- Historic Sites
An Artist Draws The Line
In 1850 John Russell Bartlett set out to draw up—and draw—a border between the United States and Mexico. He put up with an infernal wilderness, fractious colleagues, and a damsel ungrateful for his chivalry, but he left a rich legacy of art
Februrary 1968 | Volume 19, Issue 2
Soon after he reached the Rio Grande, Bartlett began to hear of official discontent in Washington. He was being castigated in Congress as a wastrel of public funds, as inefficient, incompetent, and unable to coordinate the project’s men and interests. Democratic senators feared that the Bartlett-García Conde line would set back the cause of a transcontinental railroad indefinitely; southern politicians said it would forever preclude a link between the South and California. Soon Congress flatly renounced the line, and demanded the establishment of a boundary no farther north than El Paso. The commissioner decided to return to Washington to defend himself, but with the inauguration the following March of Democrat Franklin Pierce, Bartlett, a Whig appointee, found himself out of a federal job.

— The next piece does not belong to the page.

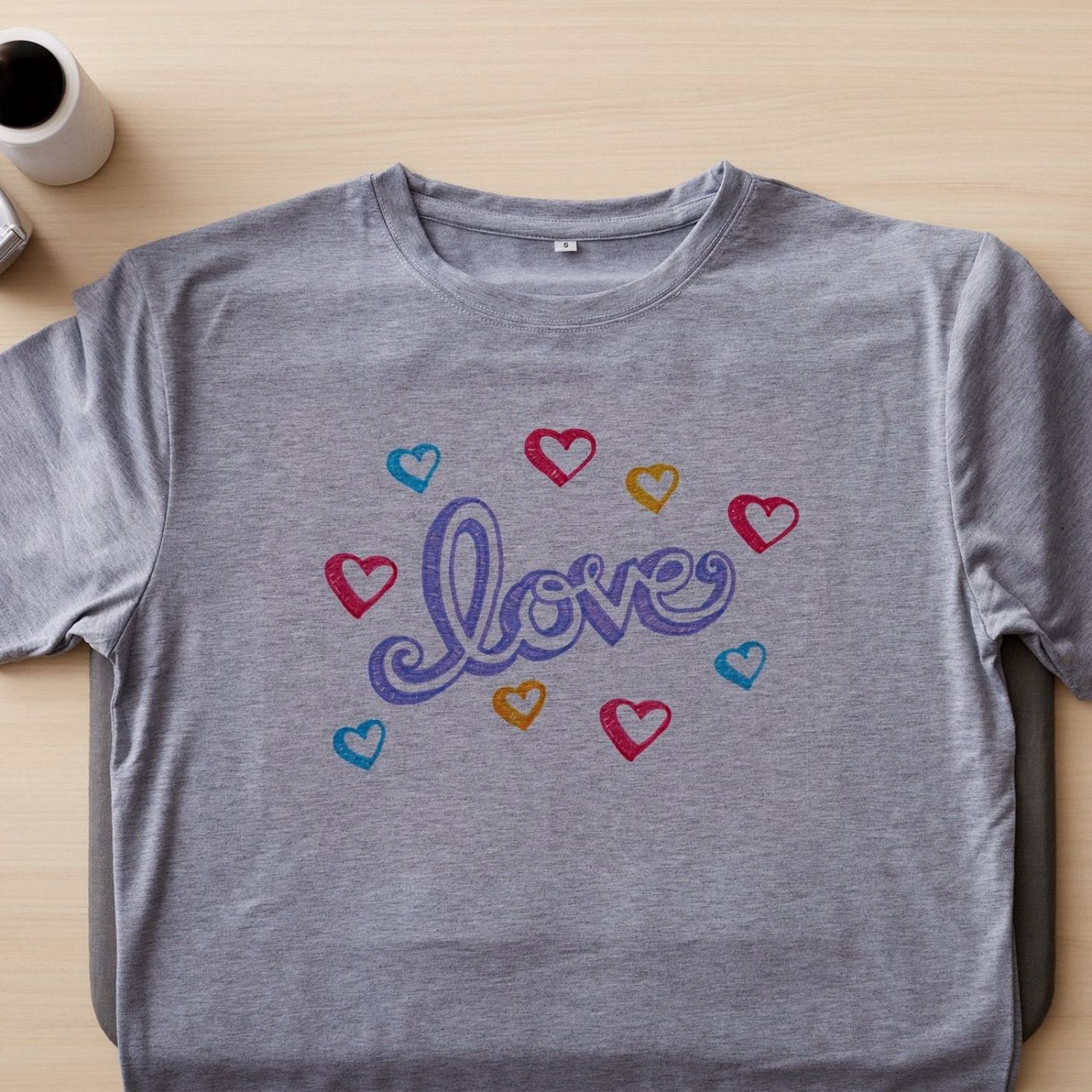 Infusible Ink Pens Set / Set Bolígrafo Infusible Ink 30 pzas Colores y Plumones Cricut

Bartlett decided to edit his journal of his boundary years, and it was published in 1854 as the two-volume Personal Narrative . A commercial venture—he surely could not hope for government publication—the Narrative had a tight budget, and none of the water colors Bartlett had commissioned appeared in it. Nonetheless, it contained ninety-four woodcuts and sixteen lithographs (some Bartlett’s, some the work of artists he hired) and was written in clear, vivid prose that was evocative yet uncluttered by Victorian rhetoric.

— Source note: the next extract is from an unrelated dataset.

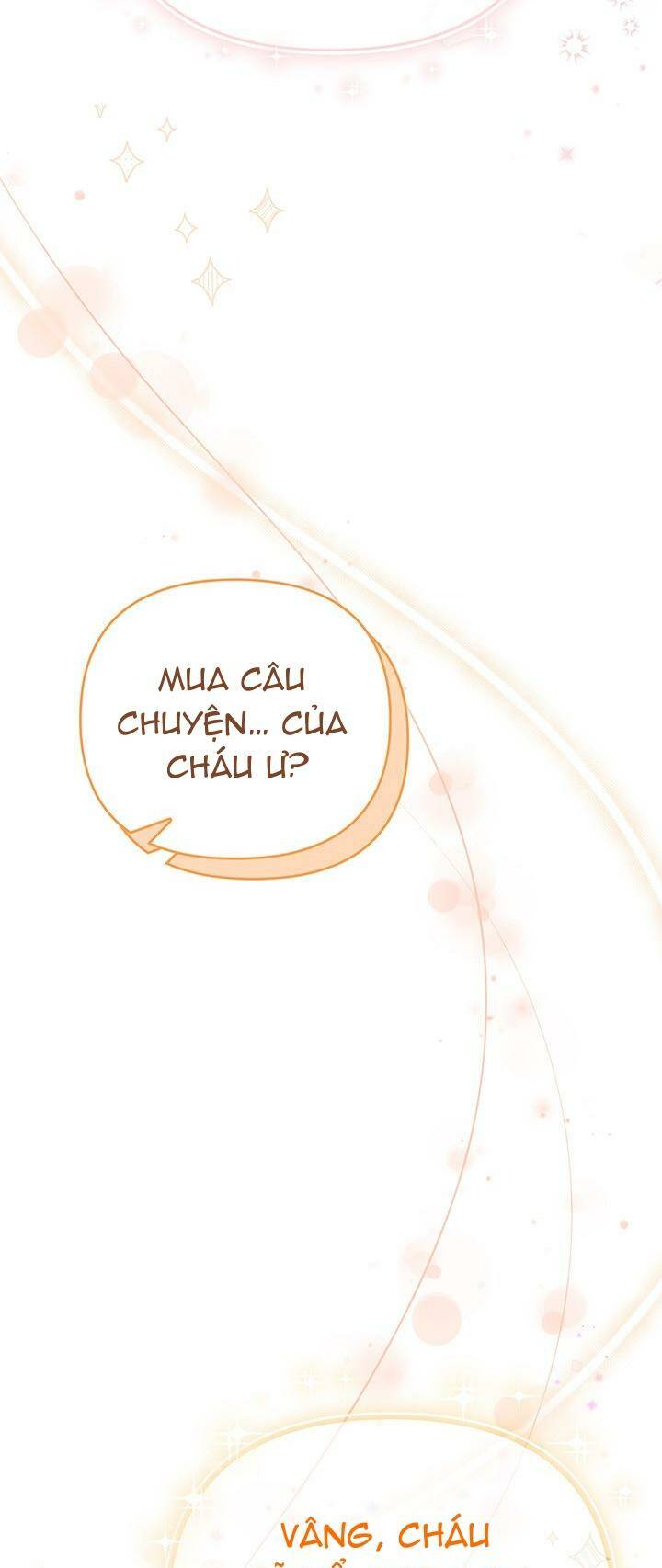Mục Tiêu Là Sở Hữu Căn Nhà Hai Tầng Chương 4 Ảnh 4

When the Gadsden Purchase was ratified in June of 1854, the dispute over the Bartlett-García Conde line became a dead letter, for the area that the former commissioner had supposedly compromised was well above the southern boundary of Mr. Gadsden’s acquisition. With the line settled and the political questions removed, the survey work went forward rapidly—under William Emory.

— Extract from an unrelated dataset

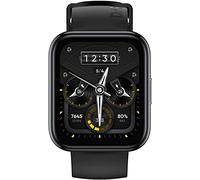 realme Watch 2 Pro Neo Grey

Bartlett thus received little recognition for his years on the boundary, but through his own art and that which he commissioned, he can safely be placed among the best interpreters of the Southwest. Though once the province of a relatively few scholars, Bartlett’s work is beginning to receive the wider attention it deserves, as a visual record fascinating in at least three dimensions—art, science, and history.